# Data below
■ ■ ■ ■ ■ ■ ■

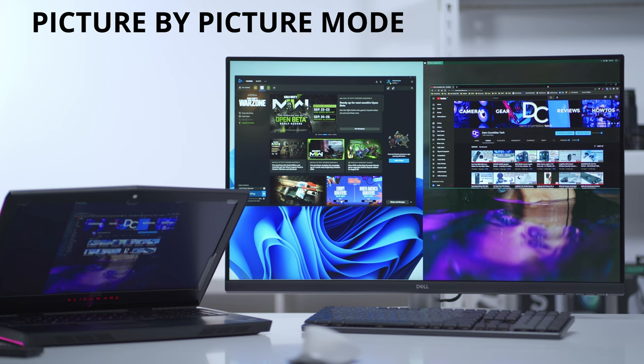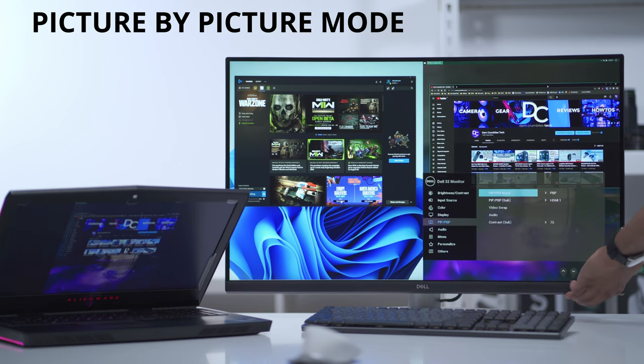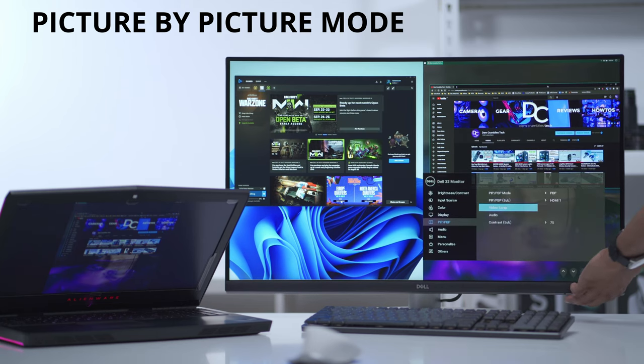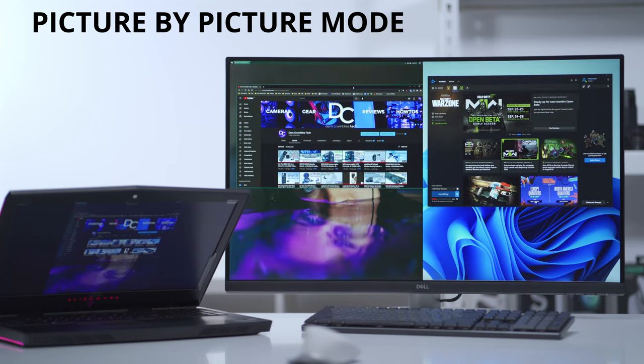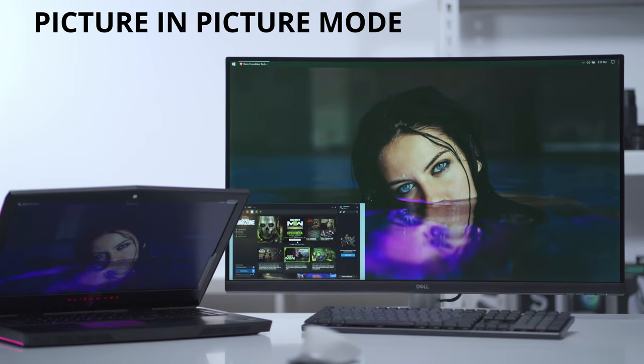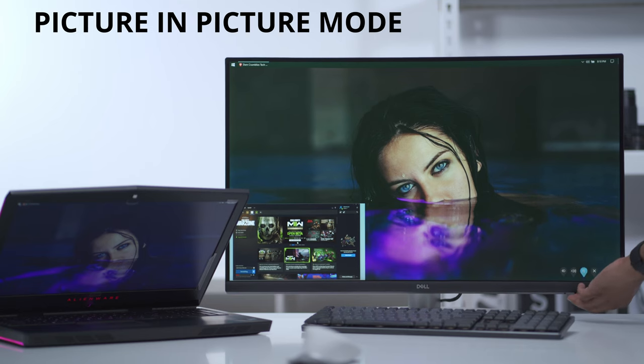In the monitor menu options, when it comes to the picture-in-picture mode you have a bunch more options. Let me just access those and I'll go through them really quickly.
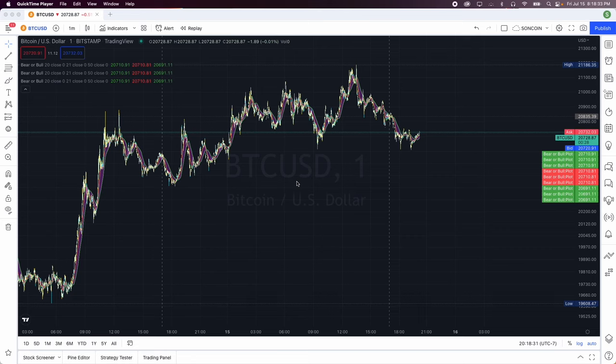Hey, what's up guys. Today we're going to be resetting our TradingView chart back to default settings. As you can see, we have quite a bit of a mess right now, so to fix this all we have to do is...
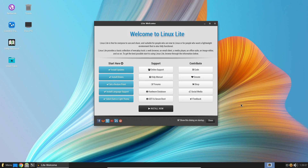Linux Lite 6.0 has been recently released on May the 31st, 2022 and it's based upon Ubuntu 22.04 LTS, the latest Ubuntu long-term support release. We installed it right after it was released in VirtualBox for testing purposes and we will share with you some of our impressions and conclusions.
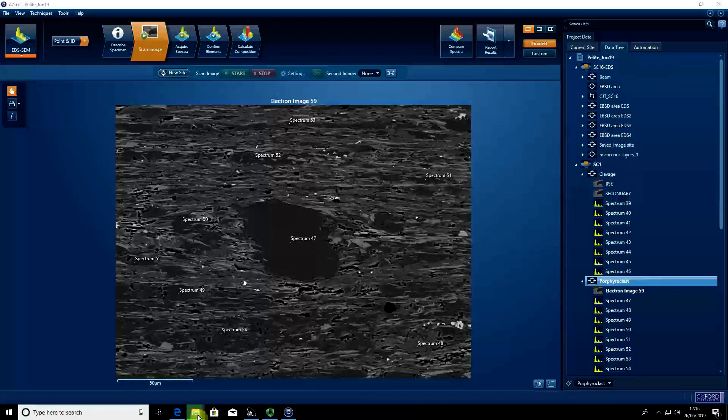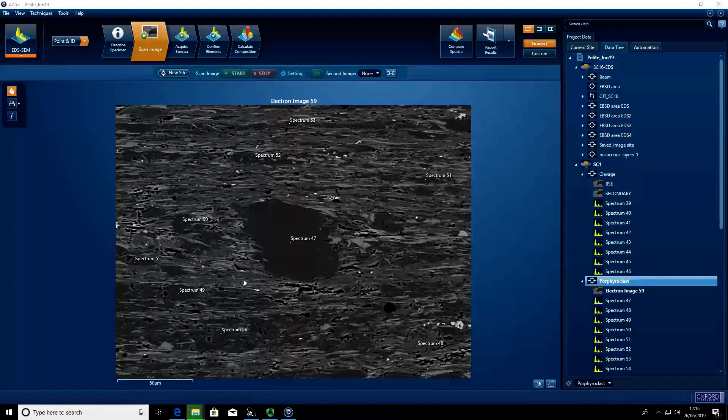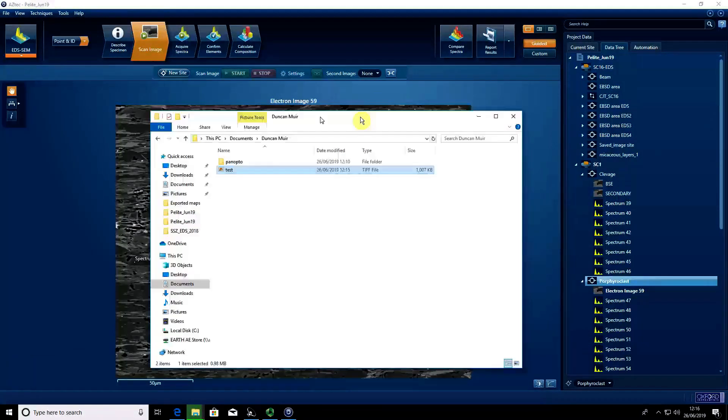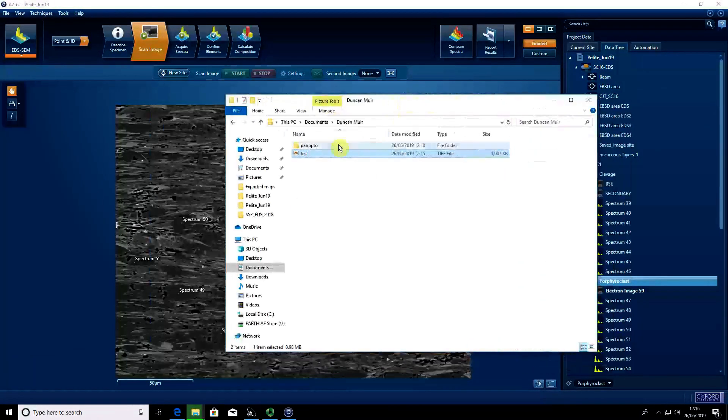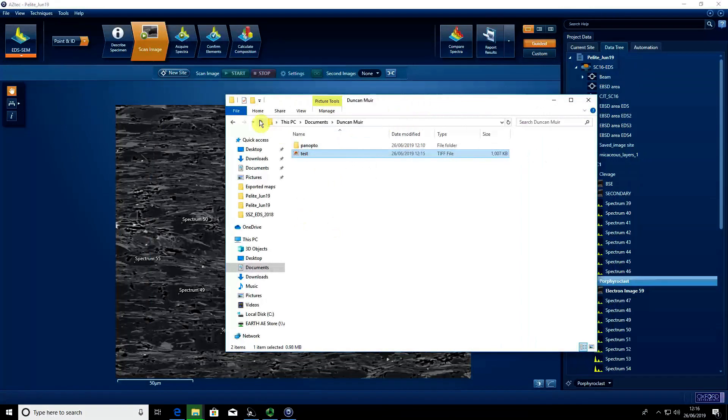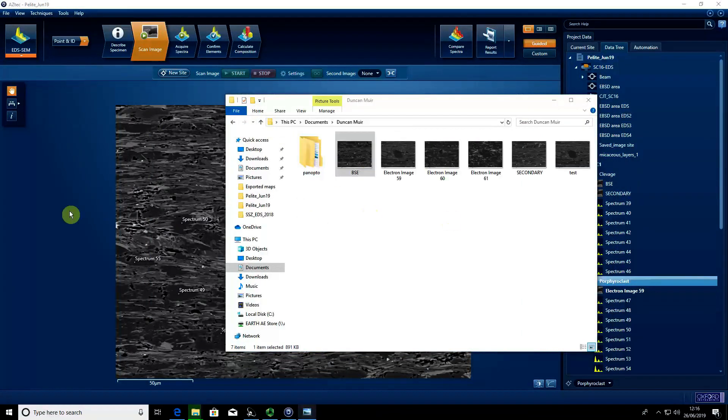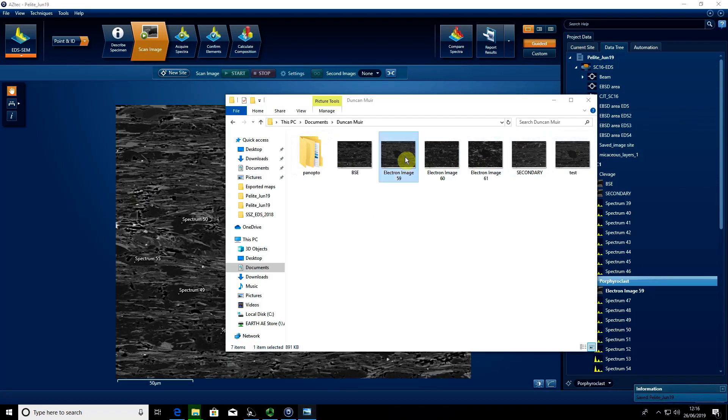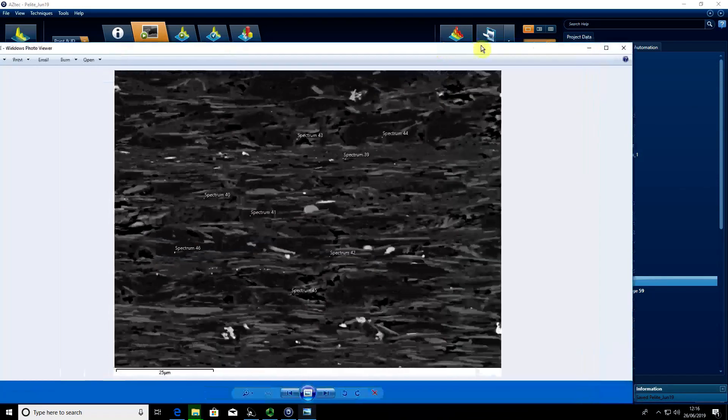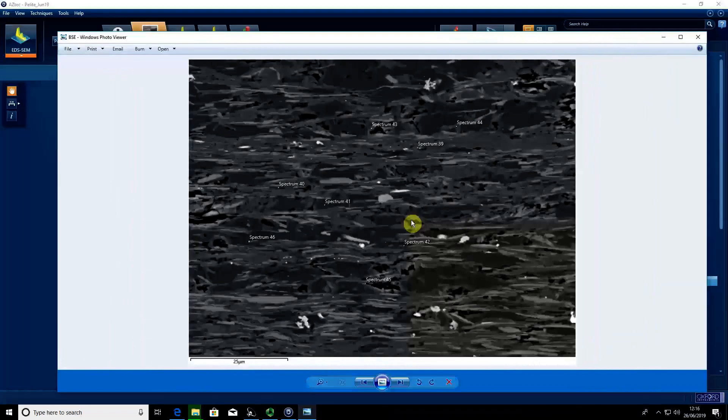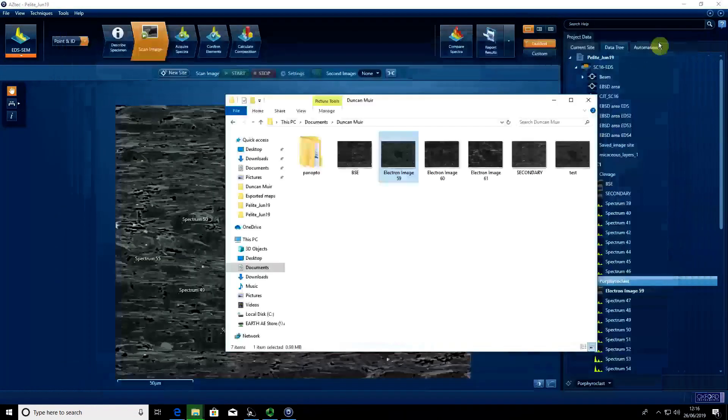If we go to Windows Explorer, we can see that we now have various images, each of which has a spectrum location on.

■ ■ ■ ■ ■ ■ ■

Transcribe the data word for word, with no images.

In the monitor menu options, when it comes to the picture-in-picture mode you have a bunch more options. Let me just access those and I'll go through them really quickly.
Hey, what's up guys. Today we're going to be resetting our TradingView chart back to default settings. As you can see, we have quite a bit of a mess right now, so to fix this all we have to do is...
Linux Lite 6.0 has been recently released on May the 31st, 2022 and it's based upon Ubuntu 22.04 LTS, the latest Ubuntu long-term support release. We installed it right after it was released in VirtualBox for testing purposes and we will share with you some of our impressions and conclusions.
If we go to Windows Explorer, we can see that we now have various images, each of which has a spectrum location on.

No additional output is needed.